On a Saturday morning at a Newton cafe, she sips a hot chocolate and relates that her first prayers of the day (fajr) got her out of a warm bed at 6am: (“Got up, prayed quickly, went back to sleep.”)
Noon prayers (zuhr) are scheduled for 12.45. The mid-afternoon prayer (asr) is at 3.15, when she’ll be with Muslim friends. Sunset prayers (maghrib) are at 5.35pm, when she’ll be home. The final evening prayer (isha) is set for 9pm.
For noon prayers today, Tayyaba is at the Ponsonby mosque, built in 1979 and New Zealand’s oldest. The mosque and its people were an integral part of her childhood.
“When I walk in, I feel like it’s home I feel so peaceful there.”
The breeze-block mosque, in Vermont St, has at its heart a domed prayer room oriented southwest towards Mecca – the shortest distance between there and Auckland is calculated through the Earth rather than overland – and a building called the ka’bah, which Muslims believe Allah chose as a place of worship.
Tayyaba arrives a few minutes early, removing her high heels at the door, and ritually washes her face, hands and feet. As 12.45pm nears, one of the members chants melodiously in Arabic: “God is most great … ”

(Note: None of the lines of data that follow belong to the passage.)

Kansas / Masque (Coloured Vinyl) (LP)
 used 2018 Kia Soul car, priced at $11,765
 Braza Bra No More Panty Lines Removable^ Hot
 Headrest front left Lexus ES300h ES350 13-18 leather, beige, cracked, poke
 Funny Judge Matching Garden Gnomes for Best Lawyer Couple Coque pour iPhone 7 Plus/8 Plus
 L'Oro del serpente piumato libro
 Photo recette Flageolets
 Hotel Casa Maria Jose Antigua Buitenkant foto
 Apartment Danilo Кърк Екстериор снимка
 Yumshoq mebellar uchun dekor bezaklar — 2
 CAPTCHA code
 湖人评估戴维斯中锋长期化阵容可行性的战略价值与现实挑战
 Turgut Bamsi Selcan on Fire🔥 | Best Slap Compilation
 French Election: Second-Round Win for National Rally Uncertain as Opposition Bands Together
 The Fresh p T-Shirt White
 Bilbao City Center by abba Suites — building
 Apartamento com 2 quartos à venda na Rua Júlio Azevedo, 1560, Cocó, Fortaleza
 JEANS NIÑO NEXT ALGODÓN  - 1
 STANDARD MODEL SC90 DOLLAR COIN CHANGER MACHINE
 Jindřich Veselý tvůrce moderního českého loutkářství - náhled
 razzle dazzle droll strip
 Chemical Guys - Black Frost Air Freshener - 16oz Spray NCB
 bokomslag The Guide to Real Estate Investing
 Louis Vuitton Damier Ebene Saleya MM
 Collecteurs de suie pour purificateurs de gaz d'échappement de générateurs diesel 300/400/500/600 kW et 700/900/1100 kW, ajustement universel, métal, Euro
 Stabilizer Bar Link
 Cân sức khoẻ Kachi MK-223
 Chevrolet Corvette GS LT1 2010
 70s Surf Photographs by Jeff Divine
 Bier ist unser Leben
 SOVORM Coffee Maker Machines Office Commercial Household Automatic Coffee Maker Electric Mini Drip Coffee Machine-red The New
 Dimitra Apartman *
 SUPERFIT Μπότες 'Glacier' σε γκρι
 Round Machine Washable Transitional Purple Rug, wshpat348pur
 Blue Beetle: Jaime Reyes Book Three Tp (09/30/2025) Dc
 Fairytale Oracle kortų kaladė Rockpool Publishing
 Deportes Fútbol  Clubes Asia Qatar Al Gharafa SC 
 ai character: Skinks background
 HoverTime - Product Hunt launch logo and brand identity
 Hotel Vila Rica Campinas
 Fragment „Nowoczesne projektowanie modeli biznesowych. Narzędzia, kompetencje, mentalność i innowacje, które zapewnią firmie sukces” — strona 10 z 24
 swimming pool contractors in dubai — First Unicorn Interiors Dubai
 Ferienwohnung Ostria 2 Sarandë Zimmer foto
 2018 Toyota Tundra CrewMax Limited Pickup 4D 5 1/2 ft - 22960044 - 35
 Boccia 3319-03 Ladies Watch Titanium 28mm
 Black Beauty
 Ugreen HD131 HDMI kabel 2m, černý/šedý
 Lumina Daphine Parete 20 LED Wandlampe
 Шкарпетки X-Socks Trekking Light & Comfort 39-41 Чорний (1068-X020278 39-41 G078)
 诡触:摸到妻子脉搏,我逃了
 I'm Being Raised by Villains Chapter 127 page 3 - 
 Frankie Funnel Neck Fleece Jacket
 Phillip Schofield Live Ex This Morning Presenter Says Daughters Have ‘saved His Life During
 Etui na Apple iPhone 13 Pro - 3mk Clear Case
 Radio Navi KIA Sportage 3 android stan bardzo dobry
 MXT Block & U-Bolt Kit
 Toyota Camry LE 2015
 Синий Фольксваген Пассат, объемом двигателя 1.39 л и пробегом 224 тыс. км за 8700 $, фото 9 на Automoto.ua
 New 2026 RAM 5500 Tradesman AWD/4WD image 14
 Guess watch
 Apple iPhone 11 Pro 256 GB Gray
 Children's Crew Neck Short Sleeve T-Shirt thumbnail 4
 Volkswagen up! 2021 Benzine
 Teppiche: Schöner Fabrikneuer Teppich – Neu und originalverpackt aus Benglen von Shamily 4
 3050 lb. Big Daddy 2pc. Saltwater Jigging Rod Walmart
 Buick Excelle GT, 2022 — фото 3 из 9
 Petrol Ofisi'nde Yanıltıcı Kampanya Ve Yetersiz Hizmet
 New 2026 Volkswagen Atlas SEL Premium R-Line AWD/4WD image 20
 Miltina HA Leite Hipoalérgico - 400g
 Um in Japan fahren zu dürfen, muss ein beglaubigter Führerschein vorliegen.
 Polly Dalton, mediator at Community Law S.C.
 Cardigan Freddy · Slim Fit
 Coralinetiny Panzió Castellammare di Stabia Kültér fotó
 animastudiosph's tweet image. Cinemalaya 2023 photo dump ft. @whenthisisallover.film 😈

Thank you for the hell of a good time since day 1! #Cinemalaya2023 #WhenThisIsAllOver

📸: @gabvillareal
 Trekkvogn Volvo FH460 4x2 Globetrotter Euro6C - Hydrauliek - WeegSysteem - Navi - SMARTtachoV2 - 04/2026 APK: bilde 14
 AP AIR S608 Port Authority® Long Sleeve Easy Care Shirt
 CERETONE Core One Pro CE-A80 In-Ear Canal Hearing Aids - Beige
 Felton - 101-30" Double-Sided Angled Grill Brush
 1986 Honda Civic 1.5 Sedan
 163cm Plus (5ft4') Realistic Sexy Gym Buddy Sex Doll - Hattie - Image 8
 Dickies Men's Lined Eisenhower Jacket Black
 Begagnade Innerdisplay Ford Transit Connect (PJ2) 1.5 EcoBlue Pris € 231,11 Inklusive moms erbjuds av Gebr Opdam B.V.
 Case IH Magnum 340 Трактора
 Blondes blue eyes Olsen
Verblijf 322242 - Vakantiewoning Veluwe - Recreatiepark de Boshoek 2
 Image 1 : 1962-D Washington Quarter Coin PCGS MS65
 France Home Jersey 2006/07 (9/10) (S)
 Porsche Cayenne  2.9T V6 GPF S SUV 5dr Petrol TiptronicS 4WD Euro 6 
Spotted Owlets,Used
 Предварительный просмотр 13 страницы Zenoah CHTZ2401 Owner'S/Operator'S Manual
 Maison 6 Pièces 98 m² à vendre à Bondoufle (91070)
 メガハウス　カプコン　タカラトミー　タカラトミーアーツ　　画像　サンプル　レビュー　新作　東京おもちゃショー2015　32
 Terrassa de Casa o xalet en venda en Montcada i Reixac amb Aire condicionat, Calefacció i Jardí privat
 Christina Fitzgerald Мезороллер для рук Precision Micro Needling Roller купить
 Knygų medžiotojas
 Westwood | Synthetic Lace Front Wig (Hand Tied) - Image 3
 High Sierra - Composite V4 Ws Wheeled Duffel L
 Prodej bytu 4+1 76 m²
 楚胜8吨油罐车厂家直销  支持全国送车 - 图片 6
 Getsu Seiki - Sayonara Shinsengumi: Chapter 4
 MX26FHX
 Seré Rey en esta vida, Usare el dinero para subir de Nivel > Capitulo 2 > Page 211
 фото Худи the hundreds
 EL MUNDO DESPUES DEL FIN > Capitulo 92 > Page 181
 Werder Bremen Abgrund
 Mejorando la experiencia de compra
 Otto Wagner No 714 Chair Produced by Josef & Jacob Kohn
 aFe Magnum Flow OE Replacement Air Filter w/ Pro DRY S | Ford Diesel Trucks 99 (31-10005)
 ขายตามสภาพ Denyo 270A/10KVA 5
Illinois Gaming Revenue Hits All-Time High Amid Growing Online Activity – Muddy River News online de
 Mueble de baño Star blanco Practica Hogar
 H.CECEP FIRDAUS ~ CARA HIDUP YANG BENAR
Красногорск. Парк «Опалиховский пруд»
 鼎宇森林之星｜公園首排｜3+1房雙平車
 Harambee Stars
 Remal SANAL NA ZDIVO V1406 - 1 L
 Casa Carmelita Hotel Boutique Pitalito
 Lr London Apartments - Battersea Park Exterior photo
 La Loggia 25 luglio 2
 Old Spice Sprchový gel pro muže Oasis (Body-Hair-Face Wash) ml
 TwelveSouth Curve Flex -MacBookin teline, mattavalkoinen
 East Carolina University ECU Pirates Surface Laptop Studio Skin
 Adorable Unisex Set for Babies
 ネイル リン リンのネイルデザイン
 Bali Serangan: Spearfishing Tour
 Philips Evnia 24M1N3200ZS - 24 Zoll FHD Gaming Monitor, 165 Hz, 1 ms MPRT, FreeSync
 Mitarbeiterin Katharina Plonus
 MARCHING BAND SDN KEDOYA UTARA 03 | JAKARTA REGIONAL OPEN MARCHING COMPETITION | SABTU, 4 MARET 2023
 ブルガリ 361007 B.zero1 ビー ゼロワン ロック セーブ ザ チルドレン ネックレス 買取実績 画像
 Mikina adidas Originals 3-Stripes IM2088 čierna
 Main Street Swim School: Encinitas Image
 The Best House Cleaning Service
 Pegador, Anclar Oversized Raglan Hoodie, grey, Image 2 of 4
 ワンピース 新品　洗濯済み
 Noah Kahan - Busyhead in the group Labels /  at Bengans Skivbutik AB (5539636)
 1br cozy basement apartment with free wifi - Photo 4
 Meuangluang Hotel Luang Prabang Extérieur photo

As he utters certain phrases, those drifting towards the main prayer room murmur responses. Like many other non-Arab Muslims, Tayyaba has learned enough Arabic since childhood to carry out rituals.
Men and women worship separately. This is to minimise distraction for everybody, says Tayyaba, not some sort of chauvinist segregation.
Women pray in an upstairs gallery, still within earshot of the imam (priest), Sheikh Mohammed Airot, or on the other side of a curtain in the main mosque. Today 20 males file into the mosque; Tayyaba steps behind the curtain.
She stands, feet together, facing the Waitakeres. She smooths her skirt, tugs down the T-shirt visible under the bottom of her hooded sweater, and begins.
When she is praying, her face is solemn in concentration; her lips move but she makes no sound, a deliberate part of ritual.
But that T-shirt is making her feel uncomfortable; with each prostration it rides up, exposing her lower back. Eventually she reaches for a white communal hijab (cloak) kept handy for this sort of problem, tugs it over her head and continues.
Two small planes that drone overhead seem distractingly loud, but Tayyaba says afterwards she didn’t notice; prayer is meditation.
Prayers over, she explains that the hijab she is wearing, close round the head and flowing below, is common among Somali women. Muslimahs in every country have different ways of arranging their scarves, she says, but it’s purely fashion, not prescription.
Women who wear hijab covering the face, Tayyaba says, follow a school of Islamic thought she doesn’t share. She finds full hijab sinister because she can’t make eye contact.
Although Islam says scarves for Muslimahs are compulsory, some, like Tayyaba’s mother, go without except when praying. “Some women choose not to wear it. It doesn’t mean they are any less a Muslim.”
In fact, Tayyaba didn’t start covering up fulltime until three years ago, when she was 20. Beforehand, “I wasn’t very content or peaceful – there was something missing. So I decided to go into Islam a bit more.”
Delving into her faith, she started feeling more secure, more sure of herself. To demonstrate her new commitment she gave away some of her possessions, increased her involvement with Muslim community groups, and traded the revealing clothes she favoured at the time for scarves and looser attire.
“I felt different after taking hijab – my faith went up a level.” And “I wake up every morning and don’t have to worry about how I look, and whether I am cool or trendy.”
Muslims in NZ About 40,000 Muslims live in New Zealand, 25,000 of them in Auckland.
Historically the Muslim community has its roots in South Asia – India, Pakistan, Bangladesh and Fiji.
More recently they have been joined by Malaysians, Indonesians, Iranians, Somalis, Afghanis and people from the Balkans.